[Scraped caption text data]
##########

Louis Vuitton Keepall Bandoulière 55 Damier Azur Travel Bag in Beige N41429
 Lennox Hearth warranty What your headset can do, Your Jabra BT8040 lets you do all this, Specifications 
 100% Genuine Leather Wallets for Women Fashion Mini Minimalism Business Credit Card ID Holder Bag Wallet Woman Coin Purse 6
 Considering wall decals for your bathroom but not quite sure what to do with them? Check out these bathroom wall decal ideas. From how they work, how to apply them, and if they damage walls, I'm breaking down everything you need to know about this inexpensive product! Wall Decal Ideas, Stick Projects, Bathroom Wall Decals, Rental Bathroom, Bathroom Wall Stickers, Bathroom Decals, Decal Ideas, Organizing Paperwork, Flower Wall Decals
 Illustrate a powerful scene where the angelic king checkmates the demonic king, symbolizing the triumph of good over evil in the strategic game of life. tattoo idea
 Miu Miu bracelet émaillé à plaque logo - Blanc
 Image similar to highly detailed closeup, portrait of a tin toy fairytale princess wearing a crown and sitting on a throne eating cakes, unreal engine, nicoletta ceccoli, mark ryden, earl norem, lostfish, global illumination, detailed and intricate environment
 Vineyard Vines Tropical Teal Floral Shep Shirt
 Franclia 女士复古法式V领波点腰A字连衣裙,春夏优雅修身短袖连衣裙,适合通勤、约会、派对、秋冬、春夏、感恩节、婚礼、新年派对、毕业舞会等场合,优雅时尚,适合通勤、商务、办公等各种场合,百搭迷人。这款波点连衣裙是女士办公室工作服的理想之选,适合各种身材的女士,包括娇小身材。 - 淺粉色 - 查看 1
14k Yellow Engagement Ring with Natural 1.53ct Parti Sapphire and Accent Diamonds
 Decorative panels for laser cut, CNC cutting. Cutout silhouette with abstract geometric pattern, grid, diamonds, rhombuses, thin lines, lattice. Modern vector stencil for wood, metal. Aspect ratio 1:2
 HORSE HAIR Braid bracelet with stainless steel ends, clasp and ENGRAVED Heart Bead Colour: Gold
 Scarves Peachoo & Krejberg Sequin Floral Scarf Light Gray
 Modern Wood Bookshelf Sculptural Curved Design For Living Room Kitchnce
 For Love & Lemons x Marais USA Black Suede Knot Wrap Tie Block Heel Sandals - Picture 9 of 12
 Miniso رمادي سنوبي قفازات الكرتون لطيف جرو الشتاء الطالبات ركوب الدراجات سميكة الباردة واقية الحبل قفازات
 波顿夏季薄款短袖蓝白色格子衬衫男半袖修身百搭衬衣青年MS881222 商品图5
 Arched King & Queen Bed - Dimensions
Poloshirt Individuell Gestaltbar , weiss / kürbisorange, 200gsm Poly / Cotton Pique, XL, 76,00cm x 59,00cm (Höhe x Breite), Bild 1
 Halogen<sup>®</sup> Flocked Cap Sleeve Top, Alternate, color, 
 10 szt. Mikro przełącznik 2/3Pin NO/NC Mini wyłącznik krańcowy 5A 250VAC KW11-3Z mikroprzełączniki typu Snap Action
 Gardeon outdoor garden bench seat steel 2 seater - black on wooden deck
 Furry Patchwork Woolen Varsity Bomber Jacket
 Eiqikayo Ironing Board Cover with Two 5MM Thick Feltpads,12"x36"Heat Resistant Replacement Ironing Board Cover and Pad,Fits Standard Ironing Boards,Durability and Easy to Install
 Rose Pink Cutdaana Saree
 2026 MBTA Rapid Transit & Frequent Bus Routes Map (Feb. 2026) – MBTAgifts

##########

Your reply should hold only the lines from the first line of the records through the one with "100% Genuine Leather", reproduced word for word.

Louis Vuitton Keepall Bandoulière 55 Damier Azur Travel Bag in Beige N41429
 Lennox Hearth warranty What your headset can do, Your Jabra BT8040 lets you do all this, Specifications 
 100% Genuine Leather Wallets for Women Fashion Mini Minimalism Business Credit Card ID Holder Bag Wallet Woman Coin Purse 6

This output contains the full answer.